Categories
Web

Putting Hotlinks on Ice

Recovered from the Wayback Machine.

Hotlinks — what a perfect word for the practice of directly linking to a photograph or other high bandwidth item on someone else’s server. Hot with its implication of hot goods and thieves passing in the cybernight. The proper term is “direct linking”, and while more technically accurate, the latter term lacks panache. Hotlinking is a particularly warm subject for me because of my extensive use of photography with my writing.

I’m not really sure what led to me start posting photographs with my essays and other writing. Probably the same impulse that leads me to mix poetry with technology, a combination leading Don Parks to write They are rather verbose and poetic… of my Permalinks for Poets essays. Well, get comfortable with your favorite drink, because we’re about to embark on another poetic, verbose, adventure into the mysteries of technology. Most fortunate for you, this one’s a murder mystery because we’re going to put hotlinks on ice.

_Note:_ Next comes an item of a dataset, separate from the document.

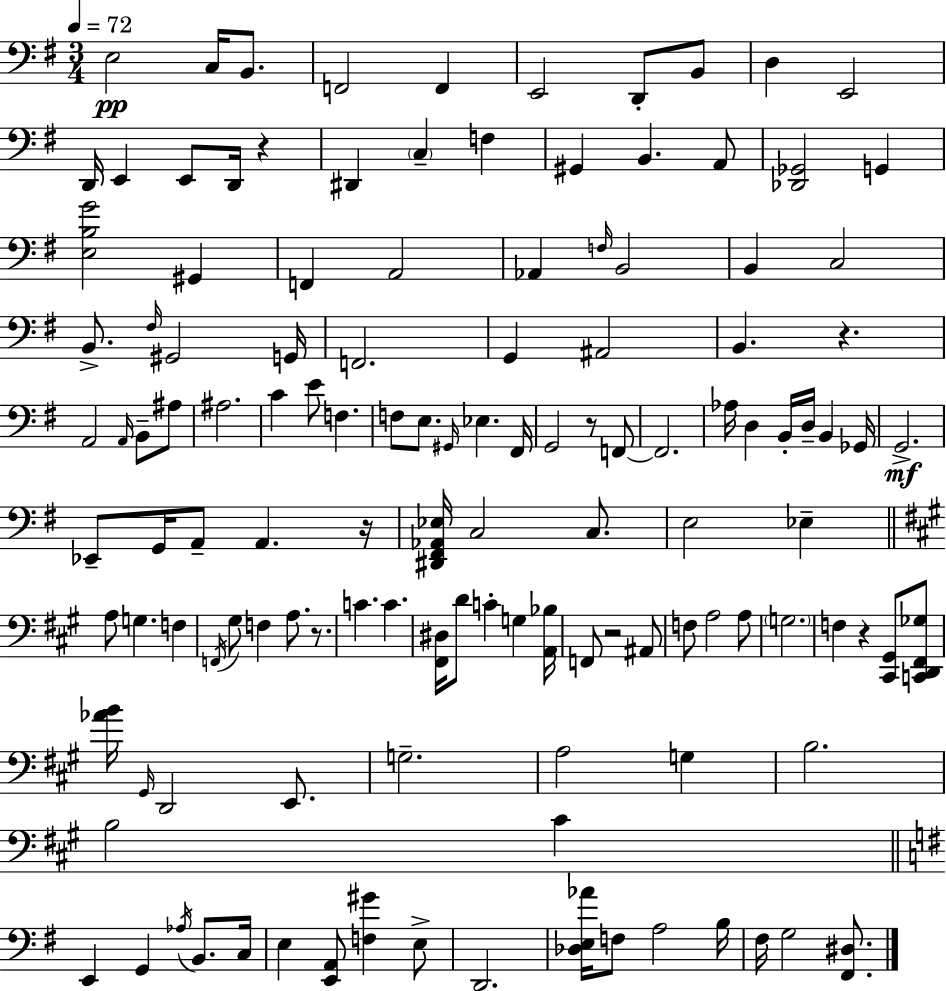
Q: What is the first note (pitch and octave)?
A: E3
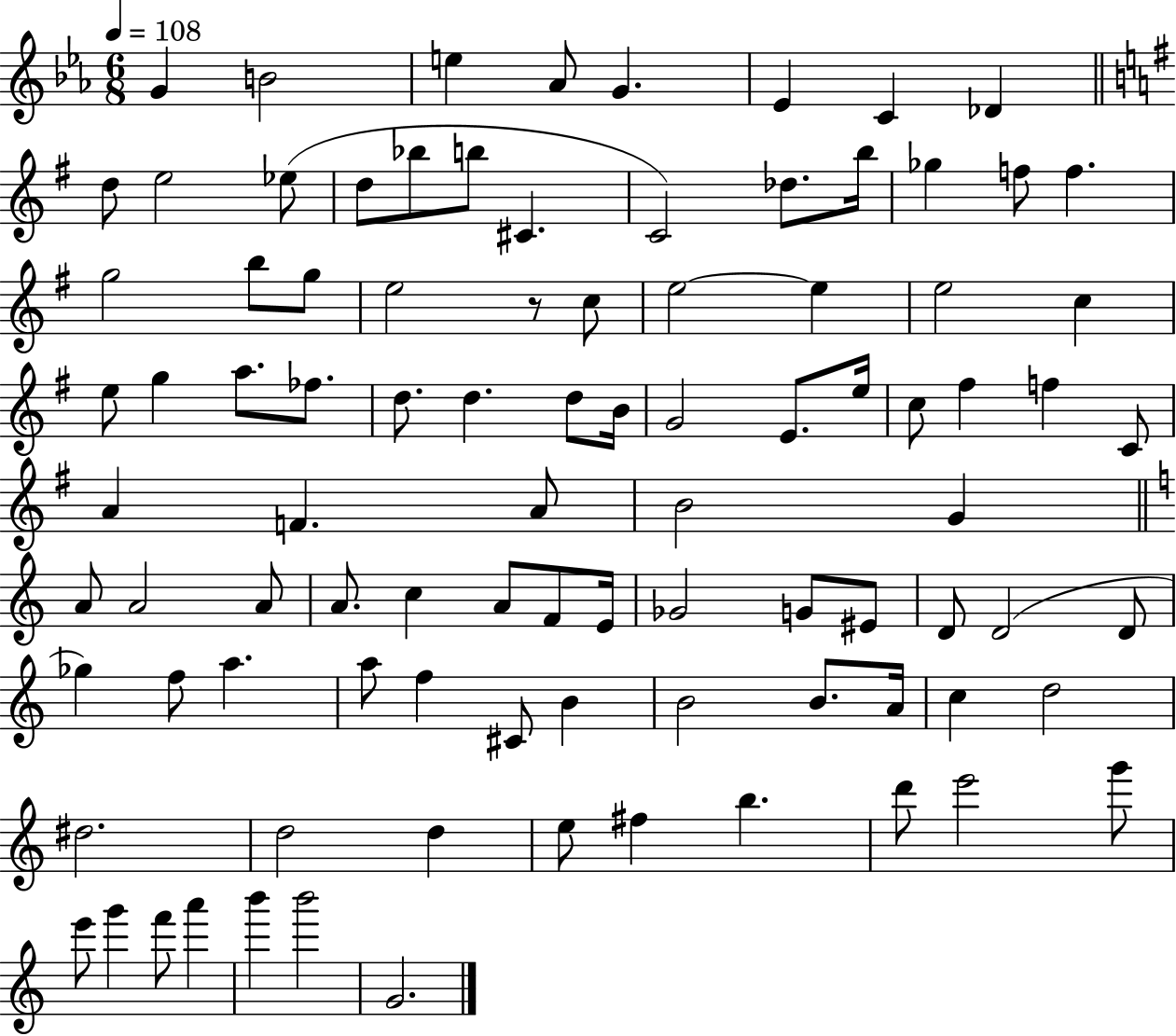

This is a photograph of me

It was taken some time ago.
At first it seems to be
a smeared
print: blurred lines and grey flecks
blended with the paper;

then, as you scan
it, you see in the left-hand corner
a thing that is like a branch: part of a tree
(balsam or spruce) emerging
and, to the right, halfway up
what ought to be a gentle
slope, a small frame house.

In the background there is a lake,
and beyond that, some low hills.

(The photograph was taken
the day after I drowned.

I am in the lake, in the center
of the picture, just under the surface.

It is difficult to say where
precisely, or to say
how large or small I am:
the effect of water
on light is a distortion

but if you look long enough,
eventually
you will be able to see me.)

Margaret Atwood

 

Hotlinking is the practice of adding a photograph or other multimedia directly in a web page, but linked to the resource on someone else’s server. The bandwidth bandit gets the benefit of the photograph, but the owner of the photograph or has has to pay for the bandwidth. If enough photographs or movies or songs are hotlinked, the bandwidth use adds up.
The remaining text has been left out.